**** Given entries

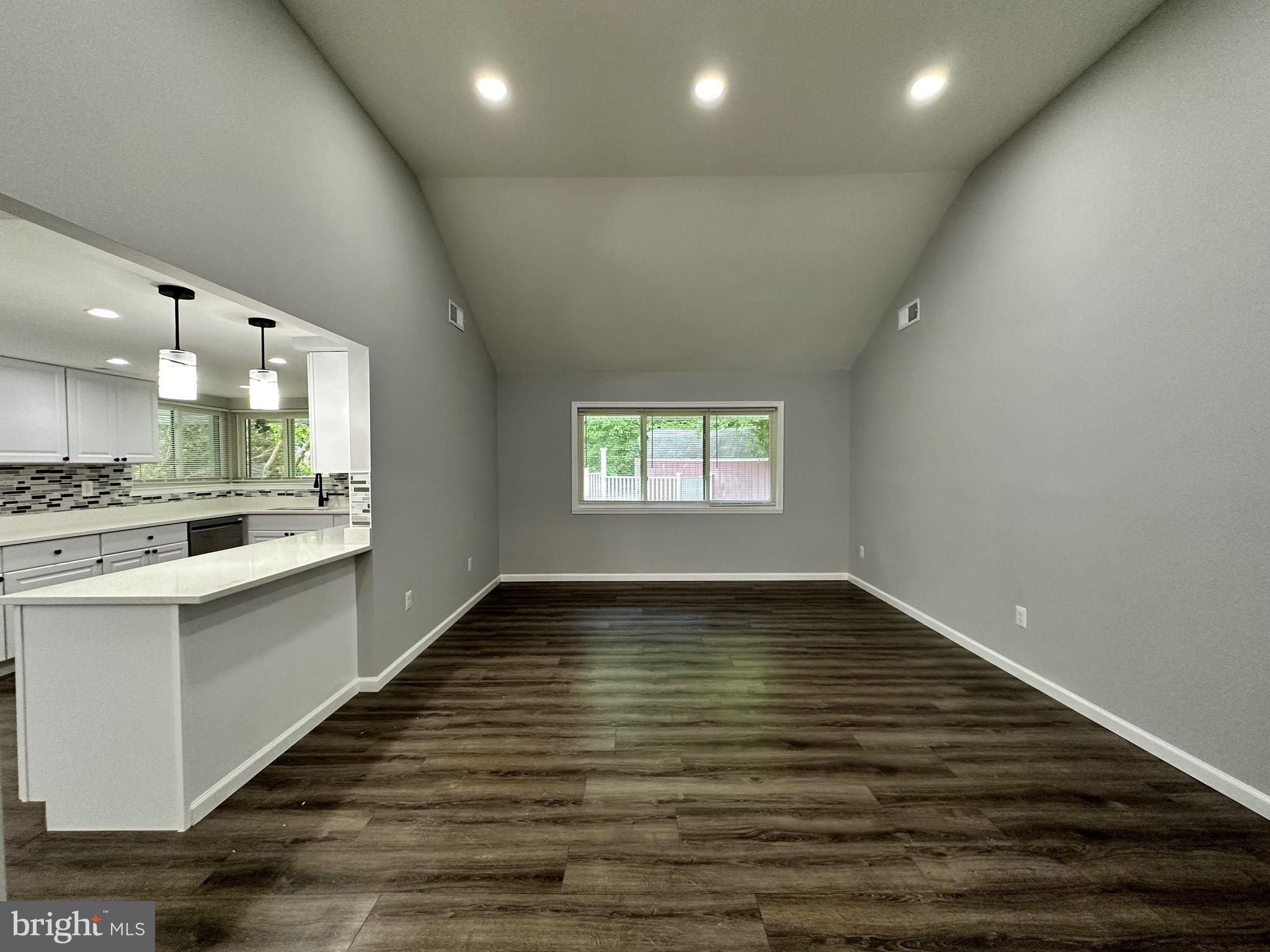 AMBER MEADOWS - Residential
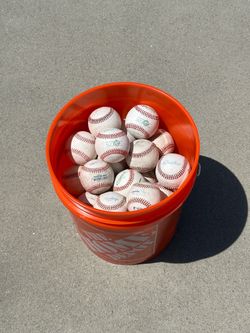 Bucket of 50 All leather baseballs ⚾️ $80.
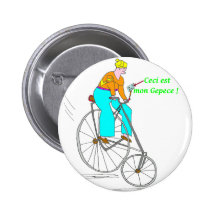 MAMIE ET LE GEPECE 1.PNG PIN'S AVEC AGRAFE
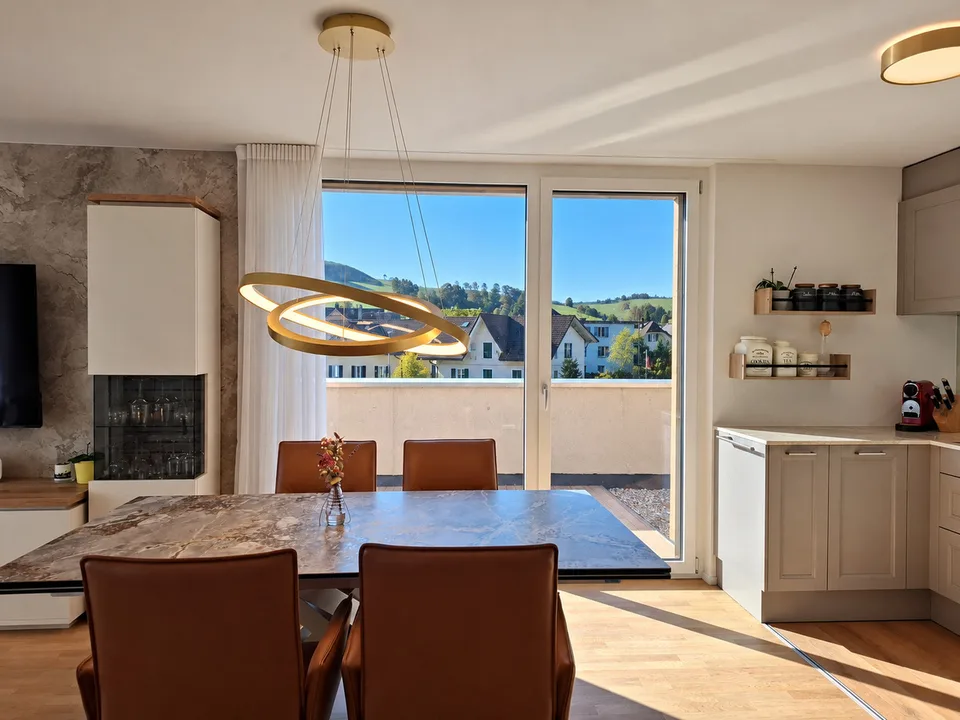 Appartement en attique avec vue lointaine et terrasse spacieuse – photo 3 sur 11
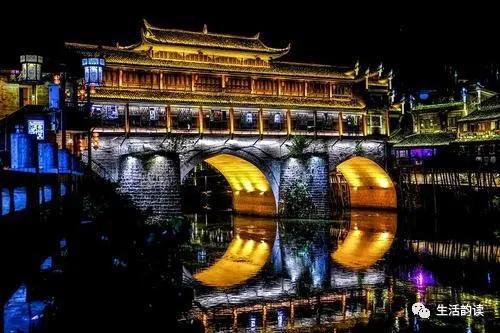 凤凰古城在哪里，凤凰古城在湖南哪个市（仙剑奇侠传取景地——古风韵味凤凰古城）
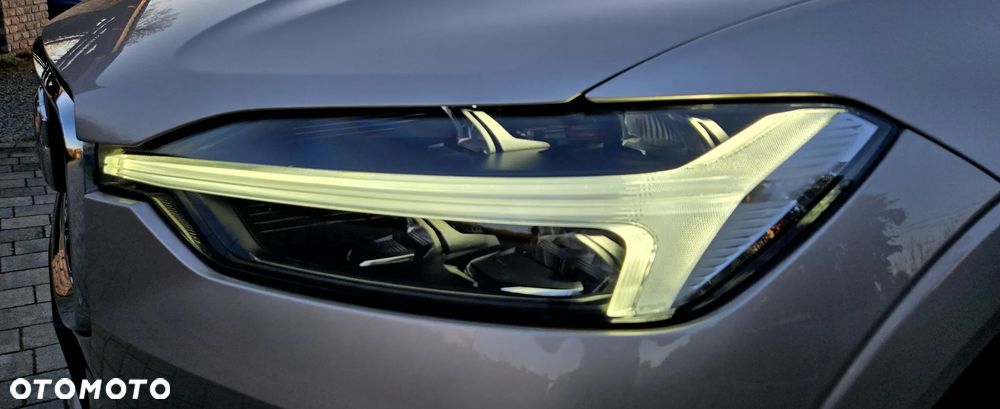 Volvo XC 60 B4 D Geartronic Momentum Pro - 5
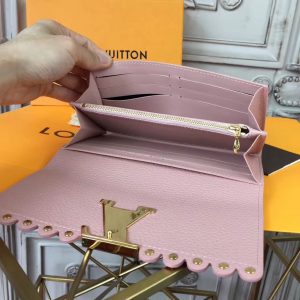 Louis Vuitton CAPUCINES Wallet - Image 9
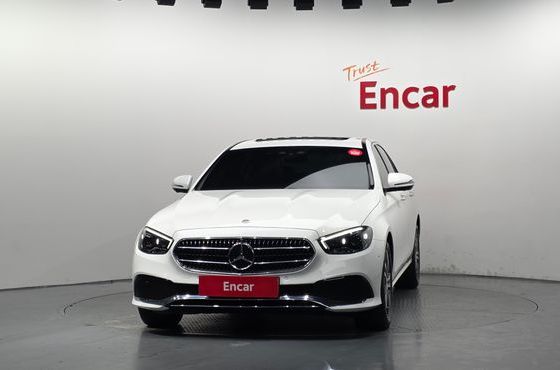 Mercedes-Benz E-Class E350 4MATIC Avantgarde — пробег 30 180 км — фото 3 из 5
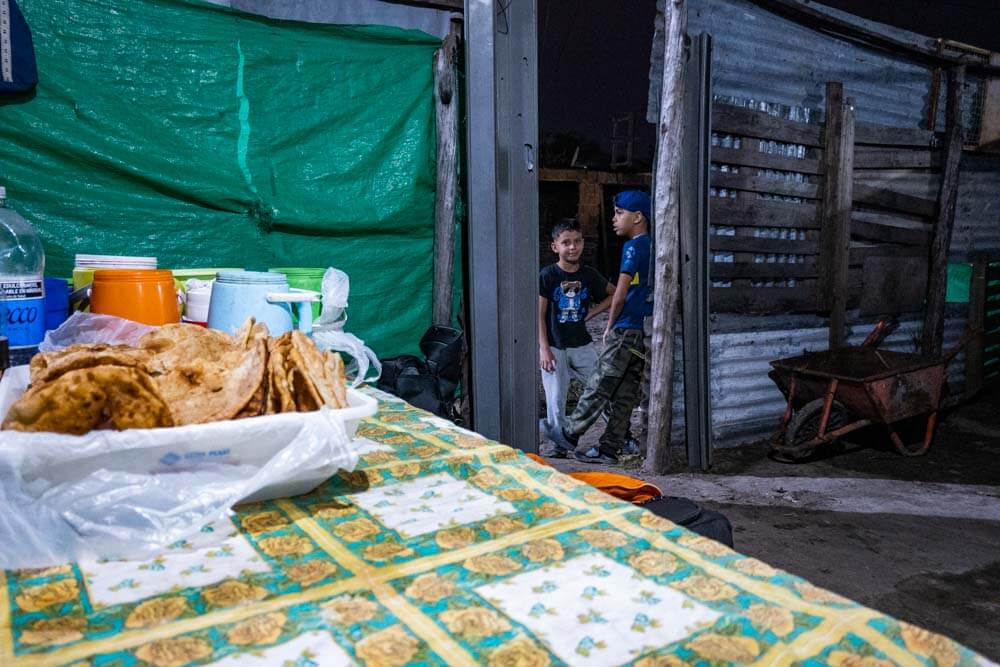 El asentamiento carece de servicios básicos, como cloacas, seguridad y salud. Esta falta de infraestructura afecta profundamente los comportamientos y la personalidad de los niños residentes, creando un ambiente de vulnerabilidad.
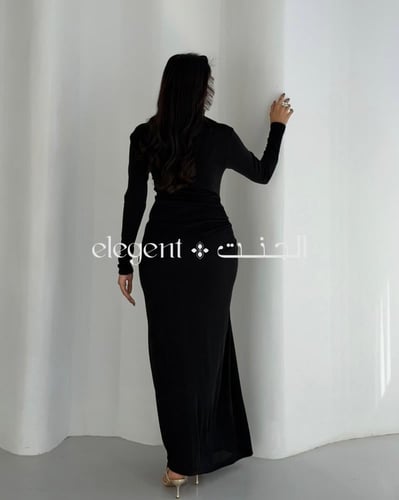 فستان أسود استرتش طويل بتصميم أنثوي أنيق - فستان ا...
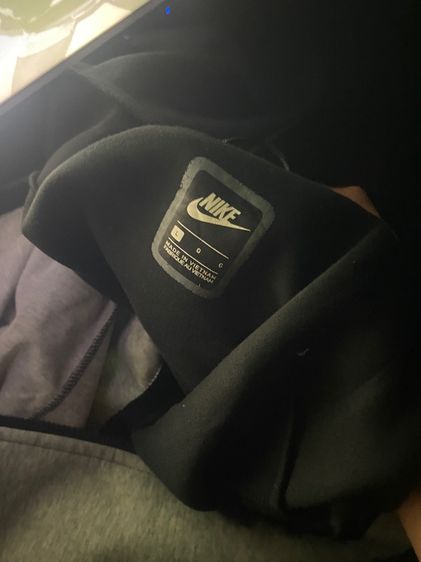 nike tech รูปที่ 2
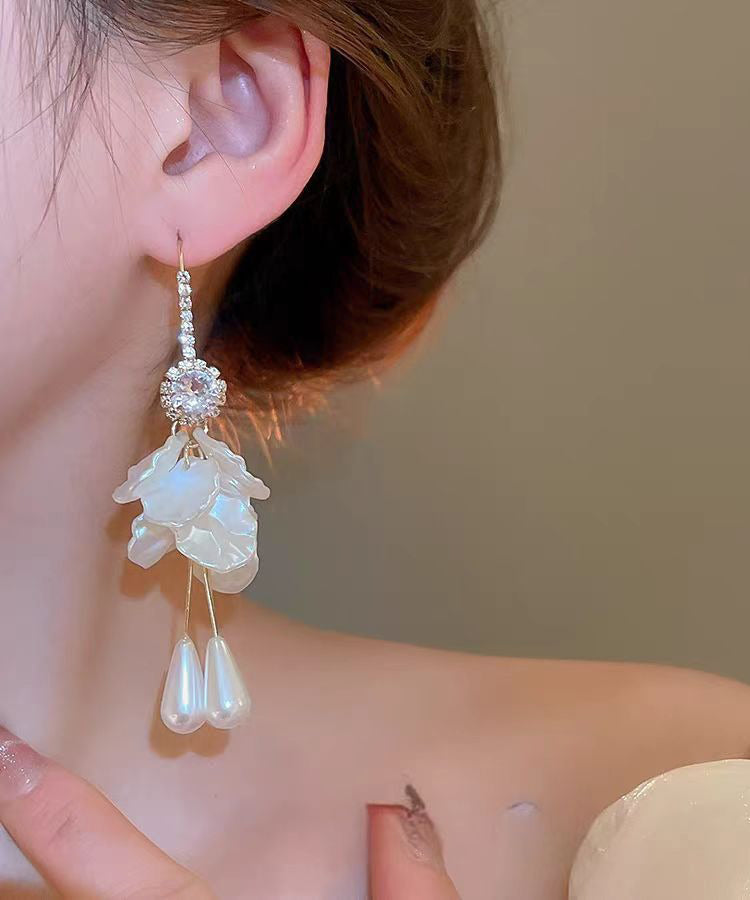 Elegant Tassel Drop White Copper Pearl Shell Acrylic Zircon
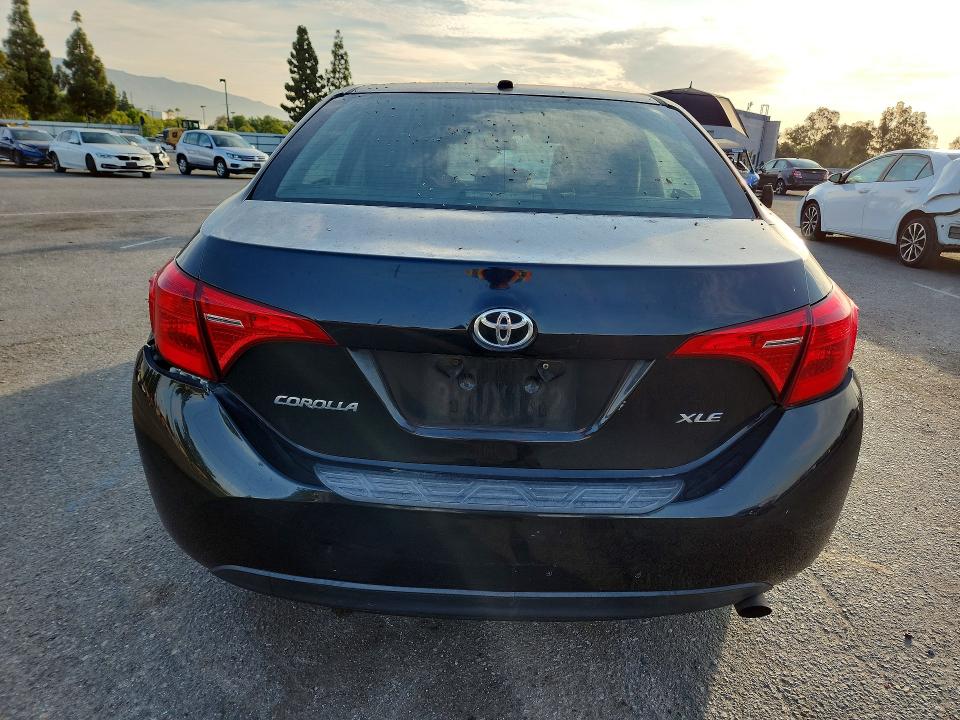 Продаж на аукціоні авто 2018 Toyota Corolla, vin: 5YFBURHE1JP816319, номер лоту: 64493706
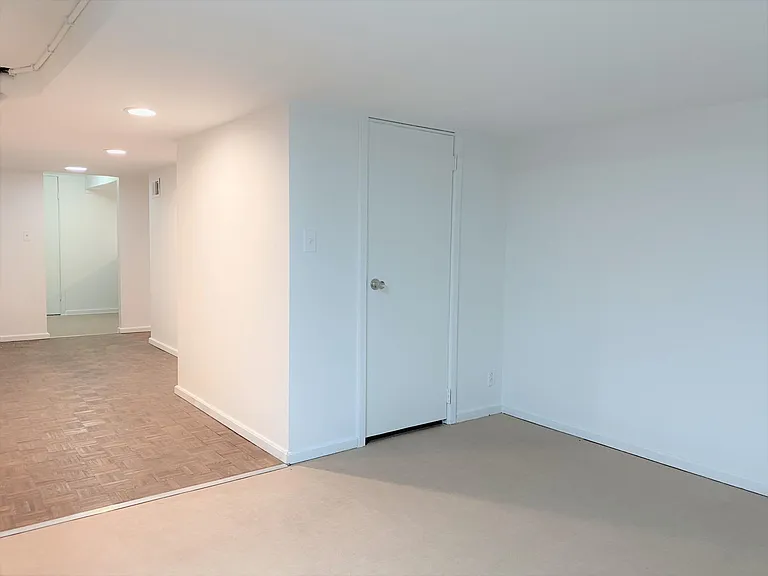 12258 1st Ave NW — Photo 31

********

Apart from the pictures, the material above has to be repeated exactly.

 AMBER MEADOWS - Residential
 Bucket of 50 All leather baseballs ⚾️ $80.
 MAMIE ET LE GEPECE 1.PNG PIN'S AVEC AGRAFE
 Appartement en attique avec vue lointaine et terrasse spacieuse – photo 3 sur 11
 凤凰古城在哪里，凤凰古城在湖南哪个市（仙剑奇侠传取景地——古风韵味凤凰古城）
 Volvo XC 60 B4 D Geartronic Momentum Pro - 5
 Louis Vuitton CAPUCINES Wallet - Image 9
 Mercedes-Benz E-Class E350 4MATIC Avantgarde — пробег 30 180 км — фото 3 из 5
 El asentamiento carece de servicios básicos, como cloacas, seguridad y salud. Esta falta de infraestructura afecta profundamente los comportamientos y la personalidad de los niños residentes, creando un ambiente de vulnerabilidad.
 فستان أسود استرتش طويل بتصميم أنثوي أنيق - فستان ا...
 nike tech รูปที่ 2
 Elegant Tassel Drop White Copper Pearl Shell Acrylic Zircon
 Продаж на аукціоні авто 2018 Toyota Corolla, vin: 5YFBURHE1JP816319, номер лоту: 64493706
 12258 1st Ave NW — Photo 31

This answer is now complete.